--- YOUR TASK ---
Output, exactly as written, the lines below from the one that has "Citroen Berlingo 1.6" through the one that has "Aritzia SuperSnug Puff™"; nothing else, and no pictures.

#### DATA FOR THIS EXERCISE

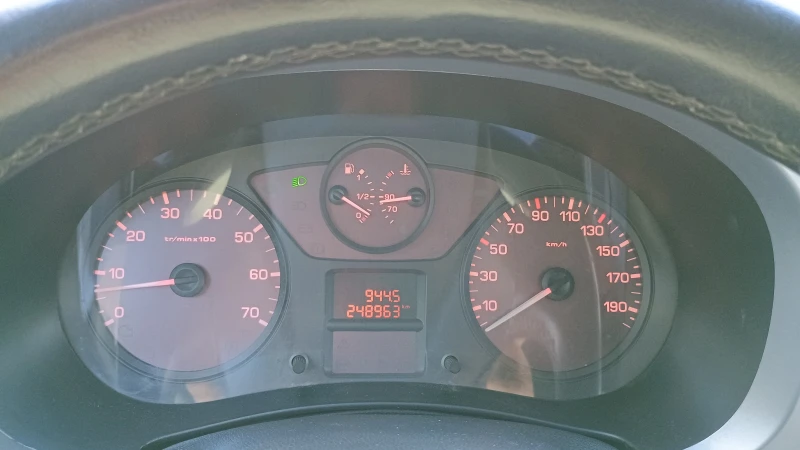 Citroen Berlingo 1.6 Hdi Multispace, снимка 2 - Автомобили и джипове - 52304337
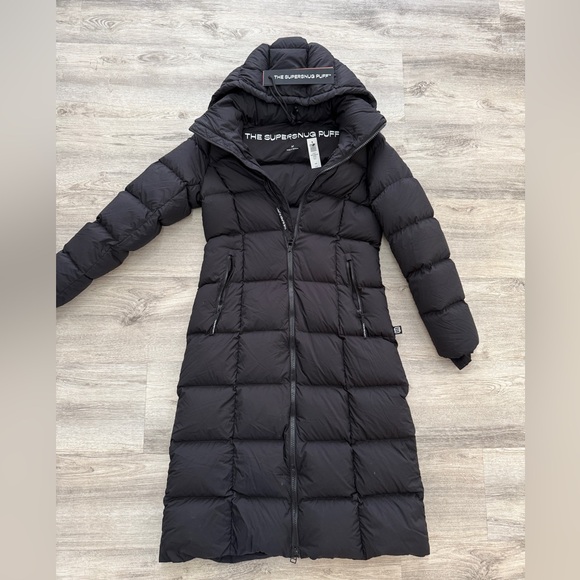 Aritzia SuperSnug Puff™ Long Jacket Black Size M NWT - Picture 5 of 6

########
#### DATA FOR THIS EXERCISE

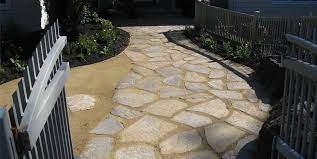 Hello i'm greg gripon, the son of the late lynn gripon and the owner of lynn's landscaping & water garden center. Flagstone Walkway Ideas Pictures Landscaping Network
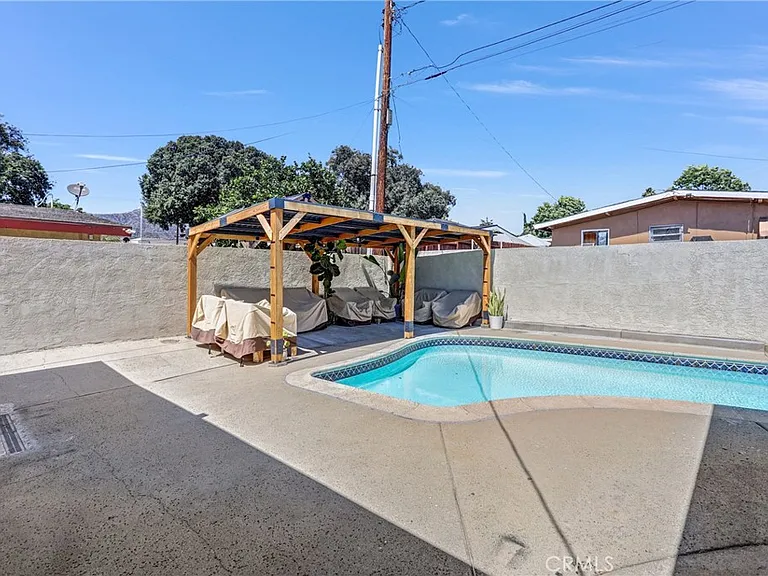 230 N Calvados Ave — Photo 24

########

--- TASK OUTPUT ---
 Citroen Berlingo 1.6 Hdi Multispace, снимка 2 - Автомобили и джипове - 52304337
 Aritzia SuperSnug Puff™ Long Jacket Black Size M NWT - Picture 5 of 6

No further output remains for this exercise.